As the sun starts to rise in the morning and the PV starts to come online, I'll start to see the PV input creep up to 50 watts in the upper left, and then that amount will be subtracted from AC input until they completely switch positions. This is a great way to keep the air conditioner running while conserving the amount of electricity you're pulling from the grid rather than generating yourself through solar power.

::::::::

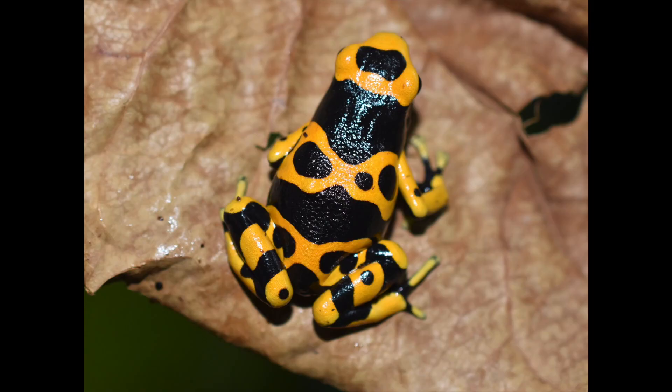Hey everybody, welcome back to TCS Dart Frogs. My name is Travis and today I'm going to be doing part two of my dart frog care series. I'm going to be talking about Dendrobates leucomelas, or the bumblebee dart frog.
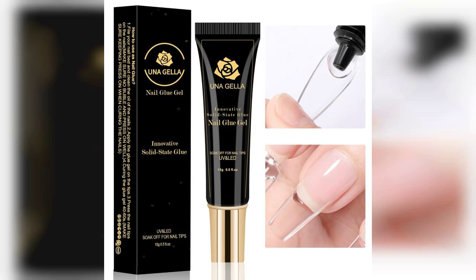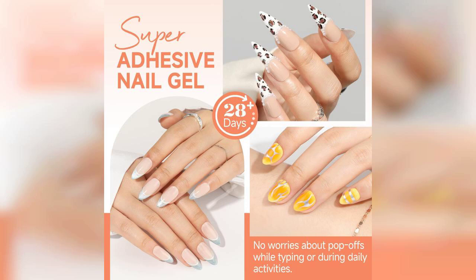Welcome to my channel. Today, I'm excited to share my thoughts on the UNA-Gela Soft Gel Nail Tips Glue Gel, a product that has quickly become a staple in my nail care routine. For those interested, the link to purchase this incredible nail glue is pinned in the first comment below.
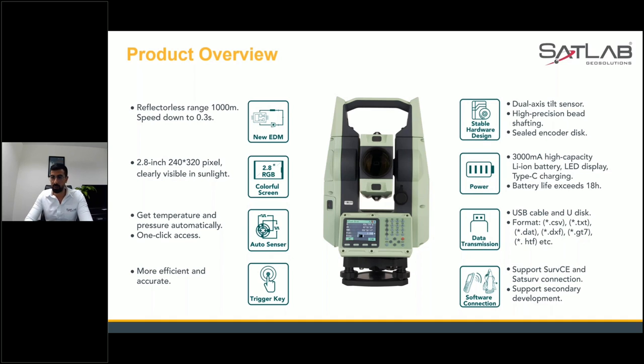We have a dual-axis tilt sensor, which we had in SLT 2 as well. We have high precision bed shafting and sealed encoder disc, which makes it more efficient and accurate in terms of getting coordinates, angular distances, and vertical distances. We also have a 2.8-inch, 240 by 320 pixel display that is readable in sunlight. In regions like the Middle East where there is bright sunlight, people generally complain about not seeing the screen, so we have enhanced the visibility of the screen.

::::::::

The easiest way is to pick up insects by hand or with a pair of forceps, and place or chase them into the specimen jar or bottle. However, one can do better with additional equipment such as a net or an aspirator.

::::::::

Look above for the line with "Welcome to my", then print it and each line after it down to and including the line with "We have a dual-axis". Leave out the pictures and keep the wording exact.

Welcome to my channel. Today, I'm excited to share my thoughts on the UNA-Gela Soft Gel Nail Tips Glue Gel, a product that has quickly become a staple in my nail care routine. For those interested, the link to purchase this incredible nail glue is pinned in the first comment below.
We have a dual-axis tilt sensor, which we had in SLT 2 as well. We have high precision bed shafting and sealed encoder disc, which makes it more efficient and accurate in terms of getting coordinates, angular distances, and vertical distances. We also have a 2.8-inch, 240 by 320 pixel display that is readable in sunlight. In regions like the Middle East where there is bright sunlight, people generally complain about not seeing the screen, so we have enhanced the visibility of the screen.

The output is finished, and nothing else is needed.